В это время в коридоре послышались звуки тяжелых шагов и барственные голоса старших сотрудников. «Ну, где же он, наш долгожданный Ваксон?» Прозвучал резкий голос секретарши главного: «Николай Борисович просит к себе Аксёна Ваксонова!»

Он позволил себе на минуту закрыть глаза. Ну, сейчас они начнут ко мне применять партийную тактику влияния и убеждения. Зерно этой тактики заключается в том, чтобы замазать всех вокруг. Интересно, сколько раз каждый из них замазывался? По всей вероятное все они — и Преображ, и Железняк, и сам Камп — замазывались только однажды, а дальше уж все шло само собой. Теперь надо под маркой спасения журнала замазать и меня; раз и навсегда. Хер вам, со мной у вас так не лучится. Вообще-то получилось, но с неожиданным результатом.

1963, июнь
Всенародное

А где же был Ян Тушинский, и что с ним вообще произошло? Идиотская статья Шурия Шурьева, в которой он объяввлялся чуть ли не предателем, его подкосила. Он хорошо знал этого хмыря еще по Парижу; тот там годами сидел как спецкор «Правды», словесный пулеметчик передои фронта идеологической войны. Еще при первой встрече Ян, глядя на Шурьева, подумал: раньше в Париже сидел Илья Эренбург, то есть наш Хулио Хуренито, а теперь вот Шурий Шурьев — лоб в два пальца шириной, в маленьких зенках постоянный отсвет основного чувства, то есть классовой ненависти.

С этим чувством он столкнулся однажды на семинаре по западной литературе в Союзе писателей. Шурьев, прибывший на этот семинар специально с передовых позиций, сообщал последние новости о деградации буржуазной литературы. Он привез с собой и красноречивое доказательство распада. Вот, извольте, несброшюрованный роман. Выпущен в свет респектабельным издательством «Галлимар». Во вступлении автор пишет, что перед употреблением читатель должен всякий раз перетасовывать страницы и читать так, как сложится. Вы представляетe, товарищи, какому глумлению в мире чистогана подвергается величественная мировая литература, призванная просвещать умы, звать к освобождению от ига капитала?!

И в негодовании как бы отшвырнул от себя злосчастную книженцию, которая тут же была подхвачена сидевшим в первом ряду шустрым верзилой, молодым поэтом.
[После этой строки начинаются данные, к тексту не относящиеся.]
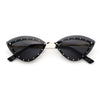 Womens Rhinestone Jewel Trim Cat Eye Luxury Rimless Bling Sunglasses
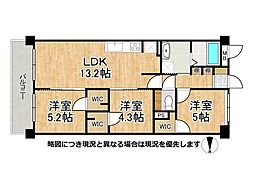 朝日プラザCITY南大和イーストウイングA棟 3LDKの間取図画像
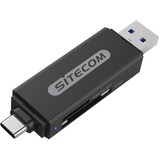 Sitecom Dual USB Card Reader kaartlezer Zwart, Dual USB Card Reader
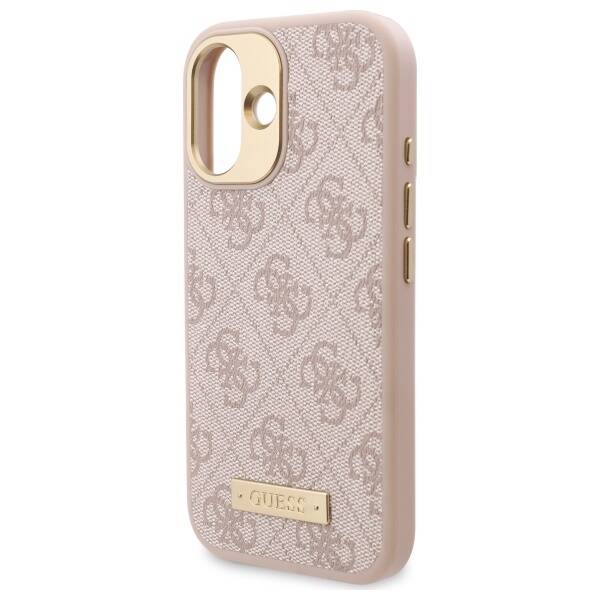 MagSafe-kotelo Apple iPhone 16:lle, Guess, 4G Logo Plate, Pinkki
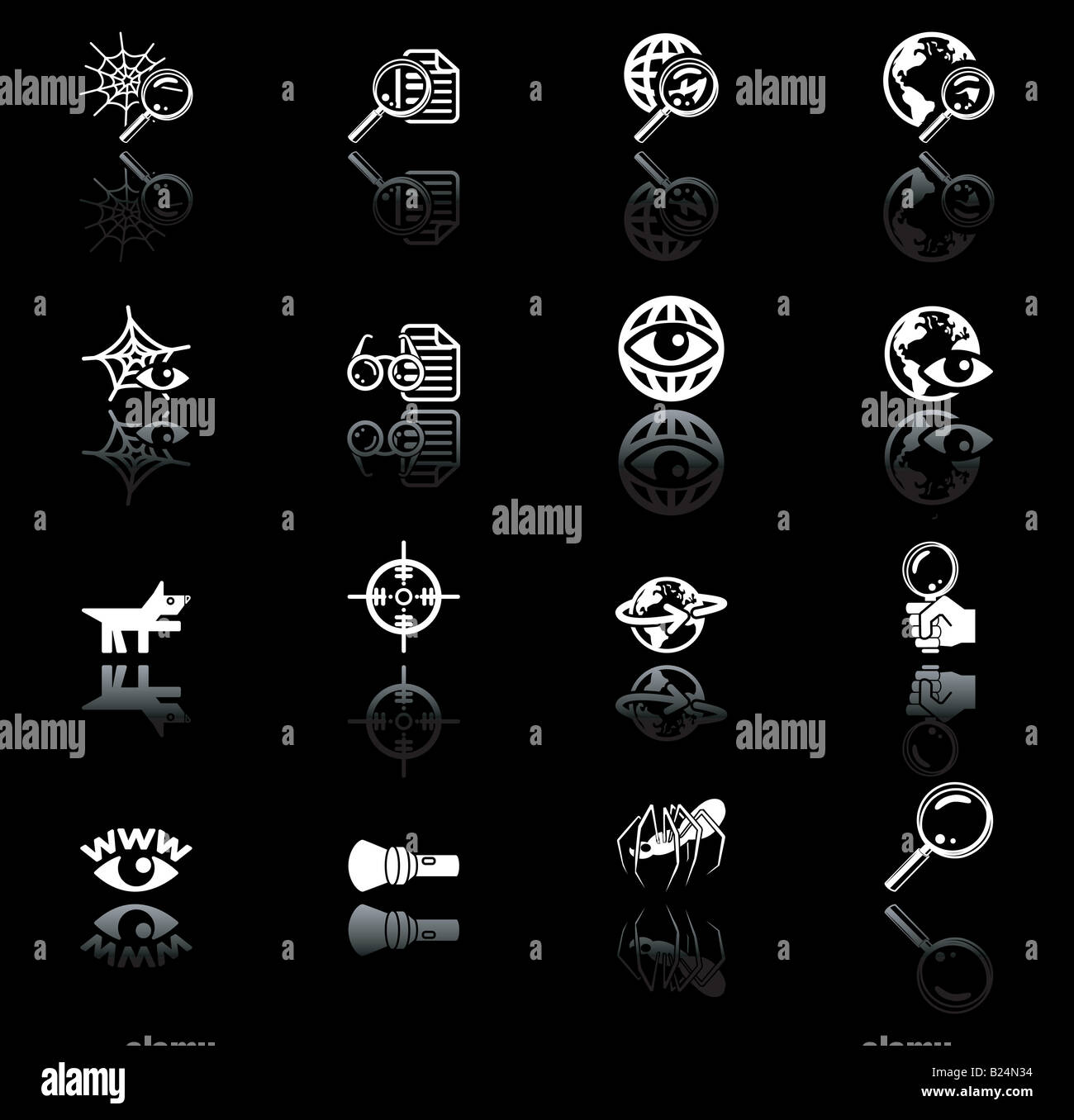 Web Search Icons Series Set. A series of web search icons set Stock ...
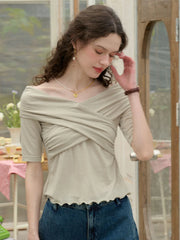 (Add-on Item) Rylie Solid Color Off The Shoulder Knitted Top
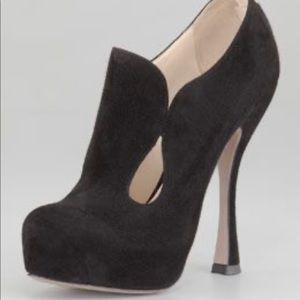 Gently worn Prada Black tear drop cut out bootie
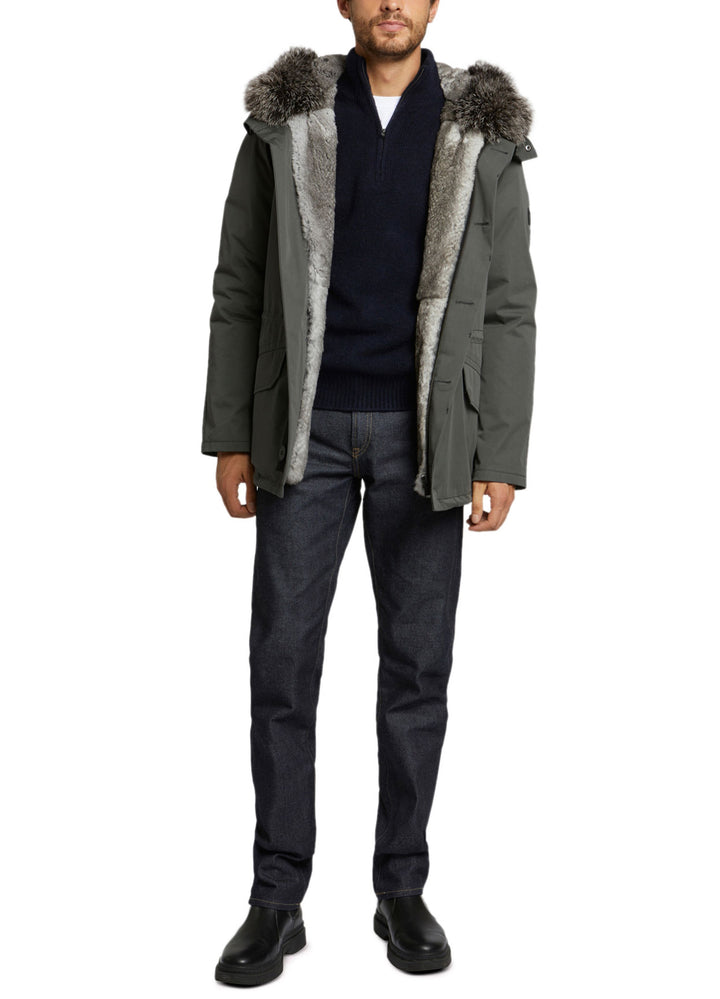 Short Iconic Parka In waterproof Cotton Blend with Fox Fur and Rabbit Fur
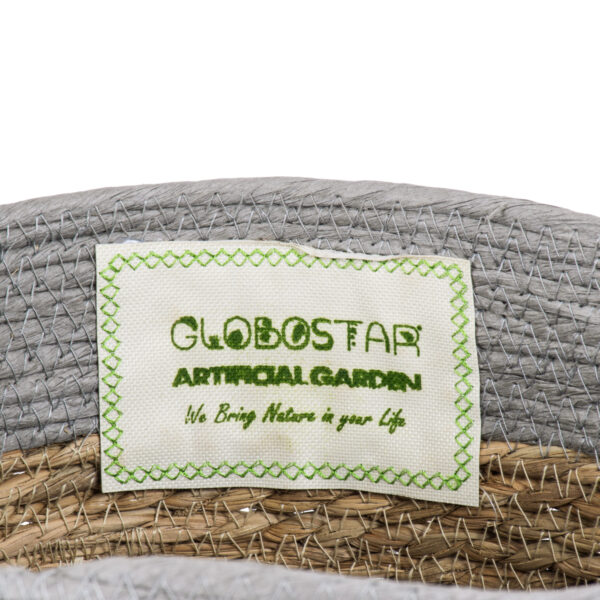 GloboStar® Artificial Garden SYROS 20283 Διακοσμητικό Πλεκτό Καλάθι – Κασπώ Γλάστρα – Flower Pot Μπεζ με Γκρι Φ28cm x Υ24cm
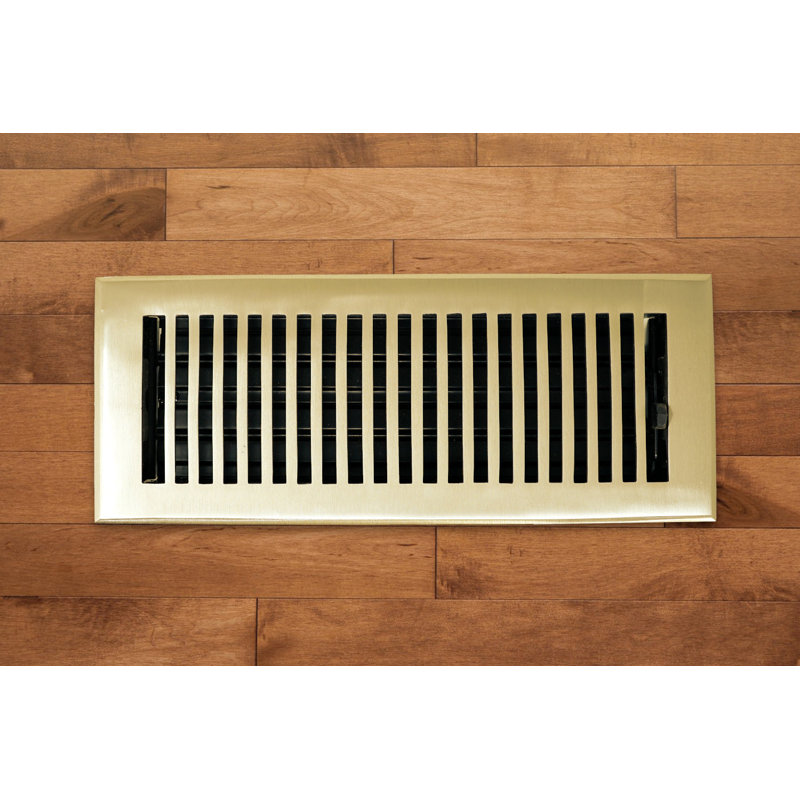 4 x 14 Polished Brass Contemporary Vent Cover with Adjustable Dampers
Тушинский перетасовал страницы и весело воскликнул: «А это здорово!»

— Что вы хотите этим сказать, Ян? — спросил председательствующий на этом семинаре лауреат Консимов.

Тушинский пожал плечами:

— Честно говоря, не понимаю, почему товарищ Шурьев подходит к этой игре с такой звериной серьезностью? В литературе всегда должен присутствовать игровой элемент, иначе она превратится в кучу занудных трактатов.